Gold and gold ETFs have been a bright spot in a volatile market as many try to diversify away from potential risks in traditional assets.

The SPDR Gold Shares (NYSEArca: GLD) gained 3.2% year-to-date as gold prices recently touched a two-year high. GLD has also attracted $1 billion in net inflows so far this year.

“So we all know, in particular, the stock market continues to go up. That is of course good for many investors, but at the same time, is making many people nervous that there can be potentially a correction. Even when that happens, having gold in a portfolio can help reduce losses and reduce volatility,” Juan Carlos Artigas, Director of Investment Research for the World Gold Council, said at the Inside ETFs 2018 conference.

Synchronized economic global growth has also been beneficial for gold prices, supporting gold demand as global economies strengthen.
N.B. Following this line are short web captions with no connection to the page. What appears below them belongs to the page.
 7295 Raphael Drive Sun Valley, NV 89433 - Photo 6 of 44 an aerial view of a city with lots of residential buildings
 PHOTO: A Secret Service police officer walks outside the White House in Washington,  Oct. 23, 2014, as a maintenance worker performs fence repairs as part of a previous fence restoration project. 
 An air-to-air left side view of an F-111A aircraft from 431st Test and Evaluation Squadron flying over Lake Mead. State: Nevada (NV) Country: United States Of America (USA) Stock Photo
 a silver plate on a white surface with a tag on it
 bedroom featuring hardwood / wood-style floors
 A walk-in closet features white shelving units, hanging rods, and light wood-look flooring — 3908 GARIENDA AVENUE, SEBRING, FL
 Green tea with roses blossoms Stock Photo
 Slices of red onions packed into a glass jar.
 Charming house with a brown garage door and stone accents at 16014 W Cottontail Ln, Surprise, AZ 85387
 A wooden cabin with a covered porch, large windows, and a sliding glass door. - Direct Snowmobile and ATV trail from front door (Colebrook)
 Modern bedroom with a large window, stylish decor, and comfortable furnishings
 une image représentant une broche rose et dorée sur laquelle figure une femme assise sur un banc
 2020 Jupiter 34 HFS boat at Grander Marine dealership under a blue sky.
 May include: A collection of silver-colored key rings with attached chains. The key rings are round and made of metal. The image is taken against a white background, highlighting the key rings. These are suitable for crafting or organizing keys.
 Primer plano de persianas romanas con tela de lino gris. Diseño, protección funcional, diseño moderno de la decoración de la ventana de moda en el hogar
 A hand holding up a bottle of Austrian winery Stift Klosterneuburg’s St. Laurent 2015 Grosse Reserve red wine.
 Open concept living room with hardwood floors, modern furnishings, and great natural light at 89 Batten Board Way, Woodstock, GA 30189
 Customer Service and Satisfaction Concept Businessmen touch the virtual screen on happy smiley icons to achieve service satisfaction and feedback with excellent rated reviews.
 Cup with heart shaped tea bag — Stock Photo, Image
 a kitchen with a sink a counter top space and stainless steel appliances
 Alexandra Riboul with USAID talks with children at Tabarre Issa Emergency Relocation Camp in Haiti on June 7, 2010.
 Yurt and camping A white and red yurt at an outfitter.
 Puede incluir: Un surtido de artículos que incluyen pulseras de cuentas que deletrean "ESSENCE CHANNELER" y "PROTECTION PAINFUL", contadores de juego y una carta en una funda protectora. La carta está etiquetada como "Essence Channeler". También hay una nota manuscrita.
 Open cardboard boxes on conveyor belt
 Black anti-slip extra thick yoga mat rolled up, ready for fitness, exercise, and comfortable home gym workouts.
It is safe to say that improving economies help consumers accumulate increased discretionary income, which may be used to buy luxury items like gold jewelry or put back into investments like gold bullion, notably in emerging markets.

“Economic growth is the basis for long-term price performance for gold,” Artigas said.

Artigas also mentioned that the previous aggressive monetary policies put into place will have vast repercussions in the asset market. Interest rates remain relatively low despite talks of rate hikes, so there are other factors that may support gold pricing, which were witnessed in 2017 when gold prices gained 13% despite the Federal Reserve’s rate hikes.

“There is still consistent demand for gold, and specifically when we talked to advisors about gold ETFs within portfolios – because of that benefit of portfolio diversification gold can bring; because of the low correlated structure,” Matthew Bartolini, Head of SPDR Americas Research for State Street Global Advisors, said.